Caroline A. Bassett
(1882–1926) Caroline attended several of the National Women's Rights Conventions in the 1850s. She signed a petition to urge voting against Leslie Russell, a New York State Attorney General—who opposed women's rights and whose recommendation was blocking women’s rights legislation in New York State. He was defeated. Caroline served as Michigan's state superintendent of the Women's Temperance Union for three years. Frances Willard, later president of the Woman’s Christian Temperance Union, spoke of the problem in a 1874 speech known as “Everybody’s War:”
“There is a war about this in America, a war of mothers and daughters, sisters, and wives.” Frances described how a man goes to a bar and “loiters away his time” and “fritters away his earnings” and then goes home, “to the house where he is best loved…he inflicts atrocities which imagination cannot picture and no tongue dare describe.” As Anthony put it in 1899, “the only hope” for Prohibition was, “putting the ballot into the hands of women.”

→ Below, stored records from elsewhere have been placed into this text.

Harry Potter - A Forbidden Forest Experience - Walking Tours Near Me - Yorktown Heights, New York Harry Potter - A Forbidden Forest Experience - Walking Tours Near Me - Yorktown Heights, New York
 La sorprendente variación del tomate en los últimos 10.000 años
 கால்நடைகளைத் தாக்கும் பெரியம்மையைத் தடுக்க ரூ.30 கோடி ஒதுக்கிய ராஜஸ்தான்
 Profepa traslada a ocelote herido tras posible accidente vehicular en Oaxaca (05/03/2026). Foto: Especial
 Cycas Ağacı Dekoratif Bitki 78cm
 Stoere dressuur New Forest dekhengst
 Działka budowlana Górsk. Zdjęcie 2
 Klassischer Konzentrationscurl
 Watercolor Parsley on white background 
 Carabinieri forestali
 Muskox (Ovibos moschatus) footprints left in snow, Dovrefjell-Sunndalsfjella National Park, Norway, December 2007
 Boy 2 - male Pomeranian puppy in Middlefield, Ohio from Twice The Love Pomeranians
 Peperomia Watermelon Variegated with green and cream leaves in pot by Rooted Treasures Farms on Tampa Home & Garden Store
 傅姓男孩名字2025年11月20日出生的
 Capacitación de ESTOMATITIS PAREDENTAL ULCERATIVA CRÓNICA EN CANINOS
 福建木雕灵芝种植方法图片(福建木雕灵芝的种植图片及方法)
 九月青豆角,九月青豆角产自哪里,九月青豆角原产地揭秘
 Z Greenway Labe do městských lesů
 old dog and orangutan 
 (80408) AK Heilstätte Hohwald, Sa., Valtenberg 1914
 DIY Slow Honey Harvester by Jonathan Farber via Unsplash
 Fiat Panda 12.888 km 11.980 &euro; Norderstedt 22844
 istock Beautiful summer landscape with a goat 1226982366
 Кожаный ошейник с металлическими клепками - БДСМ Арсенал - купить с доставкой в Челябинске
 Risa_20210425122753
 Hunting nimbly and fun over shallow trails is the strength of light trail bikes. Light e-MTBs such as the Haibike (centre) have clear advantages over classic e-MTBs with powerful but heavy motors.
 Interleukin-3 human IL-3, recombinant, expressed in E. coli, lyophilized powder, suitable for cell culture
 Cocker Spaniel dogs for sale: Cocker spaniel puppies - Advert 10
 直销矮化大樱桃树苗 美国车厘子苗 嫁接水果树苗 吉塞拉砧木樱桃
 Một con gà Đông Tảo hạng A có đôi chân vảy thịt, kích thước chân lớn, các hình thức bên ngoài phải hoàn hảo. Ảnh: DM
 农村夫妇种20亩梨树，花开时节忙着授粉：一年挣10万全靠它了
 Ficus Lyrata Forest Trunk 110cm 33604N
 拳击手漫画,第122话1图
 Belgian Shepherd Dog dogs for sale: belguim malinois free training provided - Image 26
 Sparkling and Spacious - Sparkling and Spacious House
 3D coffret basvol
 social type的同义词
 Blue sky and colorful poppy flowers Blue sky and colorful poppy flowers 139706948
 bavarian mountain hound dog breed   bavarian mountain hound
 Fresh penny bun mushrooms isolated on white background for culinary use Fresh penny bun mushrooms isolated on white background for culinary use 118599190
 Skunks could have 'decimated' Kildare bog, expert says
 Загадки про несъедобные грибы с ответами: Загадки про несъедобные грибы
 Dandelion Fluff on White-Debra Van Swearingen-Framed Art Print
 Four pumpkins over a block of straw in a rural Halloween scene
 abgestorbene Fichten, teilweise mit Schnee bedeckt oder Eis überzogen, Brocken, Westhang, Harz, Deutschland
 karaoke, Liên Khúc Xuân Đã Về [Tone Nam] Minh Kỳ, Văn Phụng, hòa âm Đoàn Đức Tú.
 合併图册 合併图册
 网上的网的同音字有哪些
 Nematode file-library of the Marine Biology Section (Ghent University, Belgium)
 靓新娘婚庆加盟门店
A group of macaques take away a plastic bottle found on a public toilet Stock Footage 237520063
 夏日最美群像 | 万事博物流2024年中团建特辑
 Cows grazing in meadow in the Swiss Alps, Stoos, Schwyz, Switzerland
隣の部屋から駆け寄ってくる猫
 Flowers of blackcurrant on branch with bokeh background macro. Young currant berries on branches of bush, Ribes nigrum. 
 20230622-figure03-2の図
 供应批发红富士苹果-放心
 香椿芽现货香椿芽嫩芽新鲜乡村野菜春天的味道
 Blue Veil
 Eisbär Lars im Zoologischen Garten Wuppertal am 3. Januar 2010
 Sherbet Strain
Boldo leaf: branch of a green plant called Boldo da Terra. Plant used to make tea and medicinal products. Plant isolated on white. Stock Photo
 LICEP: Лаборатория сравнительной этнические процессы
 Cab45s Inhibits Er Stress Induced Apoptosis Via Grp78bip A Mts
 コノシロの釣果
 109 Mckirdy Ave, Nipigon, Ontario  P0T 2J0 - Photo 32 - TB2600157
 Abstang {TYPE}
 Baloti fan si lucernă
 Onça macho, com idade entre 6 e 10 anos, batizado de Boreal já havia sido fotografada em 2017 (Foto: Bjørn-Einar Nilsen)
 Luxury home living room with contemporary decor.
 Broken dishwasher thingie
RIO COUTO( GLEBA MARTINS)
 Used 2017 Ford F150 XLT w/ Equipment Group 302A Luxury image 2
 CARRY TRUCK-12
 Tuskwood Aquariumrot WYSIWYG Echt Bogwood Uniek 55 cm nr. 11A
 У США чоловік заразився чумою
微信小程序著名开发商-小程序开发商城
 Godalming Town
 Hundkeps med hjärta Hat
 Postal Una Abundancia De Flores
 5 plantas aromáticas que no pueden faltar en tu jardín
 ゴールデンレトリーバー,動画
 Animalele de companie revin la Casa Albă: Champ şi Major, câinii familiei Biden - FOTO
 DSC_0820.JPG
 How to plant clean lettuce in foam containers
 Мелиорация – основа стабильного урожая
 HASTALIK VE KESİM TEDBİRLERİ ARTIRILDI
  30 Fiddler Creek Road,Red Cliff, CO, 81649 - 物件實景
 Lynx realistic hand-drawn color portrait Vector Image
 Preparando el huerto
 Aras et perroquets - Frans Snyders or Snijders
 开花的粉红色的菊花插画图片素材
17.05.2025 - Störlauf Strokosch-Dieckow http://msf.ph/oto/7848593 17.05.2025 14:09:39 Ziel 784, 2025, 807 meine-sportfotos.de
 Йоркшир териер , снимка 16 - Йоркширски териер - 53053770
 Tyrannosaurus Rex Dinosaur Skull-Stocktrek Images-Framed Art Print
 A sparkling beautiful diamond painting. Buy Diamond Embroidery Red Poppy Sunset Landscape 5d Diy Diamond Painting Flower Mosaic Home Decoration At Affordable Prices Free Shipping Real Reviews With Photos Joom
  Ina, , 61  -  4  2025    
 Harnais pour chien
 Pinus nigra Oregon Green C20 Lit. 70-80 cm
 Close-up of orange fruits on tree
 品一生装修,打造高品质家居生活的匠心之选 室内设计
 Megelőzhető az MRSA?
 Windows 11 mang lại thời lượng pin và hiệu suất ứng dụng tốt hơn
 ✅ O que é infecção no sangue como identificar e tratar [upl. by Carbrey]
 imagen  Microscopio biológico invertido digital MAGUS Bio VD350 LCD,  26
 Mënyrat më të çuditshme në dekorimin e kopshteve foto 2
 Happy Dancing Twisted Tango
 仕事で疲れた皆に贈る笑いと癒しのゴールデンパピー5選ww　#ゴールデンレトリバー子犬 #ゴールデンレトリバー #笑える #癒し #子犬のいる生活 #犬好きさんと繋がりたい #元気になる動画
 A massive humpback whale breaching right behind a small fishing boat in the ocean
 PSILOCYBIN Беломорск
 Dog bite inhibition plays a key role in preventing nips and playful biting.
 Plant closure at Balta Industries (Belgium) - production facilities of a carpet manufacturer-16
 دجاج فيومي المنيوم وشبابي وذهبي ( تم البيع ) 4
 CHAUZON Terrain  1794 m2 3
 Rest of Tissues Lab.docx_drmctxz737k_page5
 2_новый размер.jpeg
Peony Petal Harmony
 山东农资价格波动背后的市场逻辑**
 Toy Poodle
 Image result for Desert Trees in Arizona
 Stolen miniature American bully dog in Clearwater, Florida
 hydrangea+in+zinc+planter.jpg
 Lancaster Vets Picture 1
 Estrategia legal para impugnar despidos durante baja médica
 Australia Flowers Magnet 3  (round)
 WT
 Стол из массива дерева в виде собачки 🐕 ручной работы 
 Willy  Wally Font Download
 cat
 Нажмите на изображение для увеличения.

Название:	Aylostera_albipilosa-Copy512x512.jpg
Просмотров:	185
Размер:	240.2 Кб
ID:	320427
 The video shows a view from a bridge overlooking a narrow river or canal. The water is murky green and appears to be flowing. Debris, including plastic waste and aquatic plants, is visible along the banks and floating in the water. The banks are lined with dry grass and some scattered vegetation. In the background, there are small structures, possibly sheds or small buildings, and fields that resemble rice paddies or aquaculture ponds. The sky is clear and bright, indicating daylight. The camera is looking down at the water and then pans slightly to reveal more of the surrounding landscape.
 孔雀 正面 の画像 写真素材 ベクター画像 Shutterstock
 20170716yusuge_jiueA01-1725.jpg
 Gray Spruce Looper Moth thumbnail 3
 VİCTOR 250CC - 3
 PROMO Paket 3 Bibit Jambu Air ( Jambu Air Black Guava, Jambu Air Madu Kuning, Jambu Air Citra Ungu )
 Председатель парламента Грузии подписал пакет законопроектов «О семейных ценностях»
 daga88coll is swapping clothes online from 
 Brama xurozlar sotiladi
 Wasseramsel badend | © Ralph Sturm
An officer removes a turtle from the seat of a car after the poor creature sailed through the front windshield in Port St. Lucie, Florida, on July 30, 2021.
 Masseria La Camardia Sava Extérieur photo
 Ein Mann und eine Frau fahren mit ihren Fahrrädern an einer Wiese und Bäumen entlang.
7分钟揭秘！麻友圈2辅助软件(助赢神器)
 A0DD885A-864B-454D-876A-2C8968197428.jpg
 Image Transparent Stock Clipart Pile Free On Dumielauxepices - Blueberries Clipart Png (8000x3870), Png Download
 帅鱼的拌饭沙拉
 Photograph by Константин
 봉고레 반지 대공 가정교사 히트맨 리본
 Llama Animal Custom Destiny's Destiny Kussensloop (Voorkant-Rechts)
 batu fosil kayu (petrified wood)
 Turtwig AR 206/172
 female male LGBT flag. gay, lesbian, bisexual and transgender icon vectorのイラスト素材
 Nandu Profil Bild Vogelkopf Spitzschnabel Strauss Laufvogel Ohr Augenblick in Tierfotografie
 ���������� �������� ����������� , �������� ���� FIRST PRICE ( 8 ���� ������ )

In that way, Prohibition and women’s suffrage went hand in hand, with the latter actually happening when the 19th Amendment was ratified seven months after Prohibition went into effect on August 18, 1920. In addition to her Temperance work, Caroline trained as a teacher at Albany Normal School. Later she became the second woman to be an ordained minister in the Free Baptist Church and ministered in West Fall, NY, near East Aurora.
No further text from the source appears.